Decision Date25 February 2021
Docket NumberCIVIL ACTION NO. 20-198-BAJ-EWD
PartiesBRUCE DAVID ANDREW SAFRANEK, ET AL. v. NATIONAL GENERAL INSURANCE COMPANY, ET AL.
CourtU.S. District Court — Middle District of Louisiana
NOTICE

Please take notice that the attached Magistrate Judge's Report and Recommendation has been filed with the Clerk of the U.S. District Court.

In accordance with 28 U.S.C. § 636(b)(1), you have 14 days after being served with the attached report to file written objections to the proposed findings of fact, conclusions of law, and recommendations set forth therein.
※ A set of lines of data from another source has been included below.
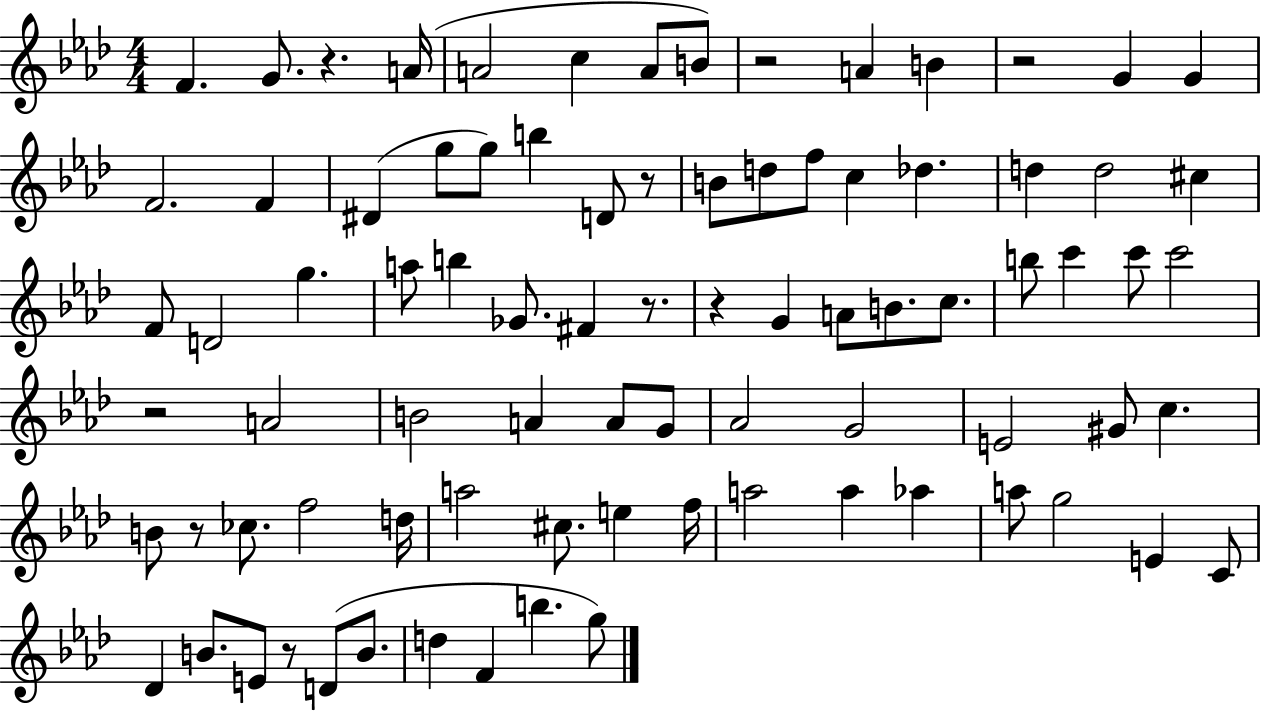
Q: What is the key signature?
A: AES major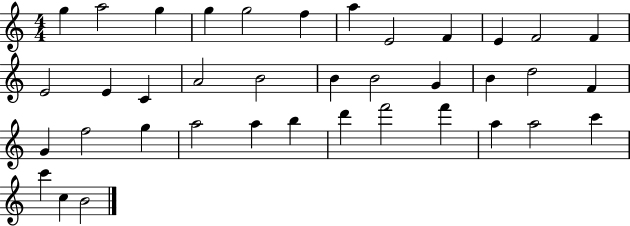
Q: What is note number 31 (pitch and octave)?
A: F6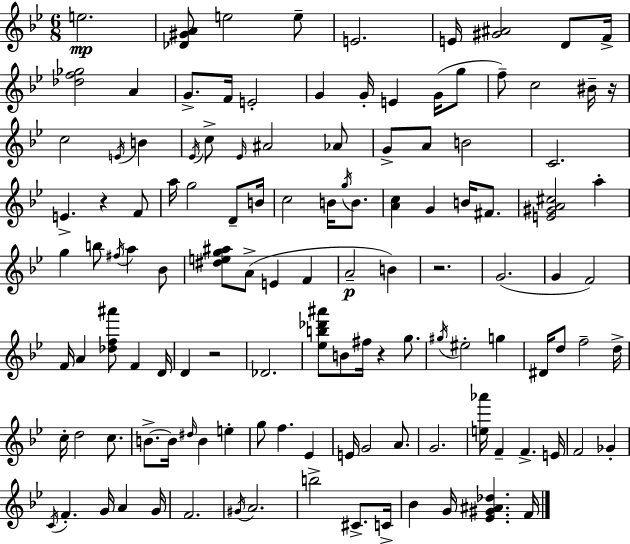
E5/h. [Db4,G#4,A4]/e E5/h E5/e E4/h. E4/s [G#4,A#4]/h D4/e F4/s [Db5,F5,Gb5]/h A4/q G4/e. F4/s E4/h G4/q G4/s E4/q G4/s G5/e F5/e C5/h BIS4/s R/s C5/h E4/s B4/q Eb4/s C5/e Eb4/s A#4/h Ab4/e G4/e A4/e B4/h C4/h. E4/q. R/q F4/e A5/s G5/h D4/e B4/s C5/h B4/s G5/s B4/e. [A4,C5]/q G4/q B4/s F#4/e. [E4,G#4,A4,C#5]/h A5/q G5/q B5/e F#5/s A5/q Bb4/e [D#5,E5,G5,A#5]/e A4/e E4/q F4/q A4/h B4/q R/h. G4/h. G4/q F4/h F4/s A4/q [Db5,F5,A#6]/e F4/q D4/s D4/q R/h Db4/h. [Eb5,B5,Db6,A#6]/e B4/e F#5/s R/q G5/e. G#5/s EIS5/h G5/q D#4/s D5/e F5/h D5/s C5/s D5/h C5/e. B4/e. B4/s D#5/s B4/q E5/q G5/e F5/q. Eb4/q E4/s G4/h A4/e. G4/h. [E5,Ab6]/s F4/q F4/q. E4/s F4/h Gb4/q C4/s F4/q. G4/s A4/q G4/s F4/h. G#4/s A4/h. B5/h C#4/e. C4/s Bb4/q G4/s [Eb4,G#4,A#4,Db5]/q. F4/s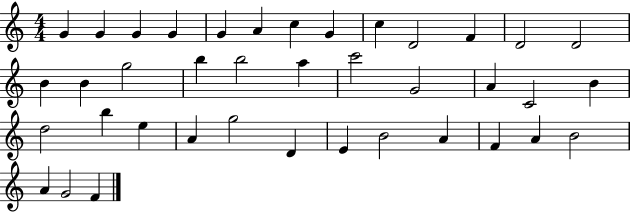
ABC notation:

X:1
T:Untitled
M:4/4
L:1/4
K:C
G G G G G A c G c D2 F D2 D2 B B g2 b b2 a c'2 G2 A C2 B d2 b e A g2 D E B2 A F A B2 A G2 F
Failure to file written objections to the proposed findings, conclusions and recommendations within 14 days after being served will bar you, except upon grounds of plain error, from attacking on appeal the unobjected-to proposed factual findings and legal conclusions accepted by the District Court.

ABSOLUTELY NO EXTENSION OF TIME SHALL BE GRANTED TO FILE WRITTEN OBJECTIONS TO THE MAGISTRATE JUDGE'S REPORT.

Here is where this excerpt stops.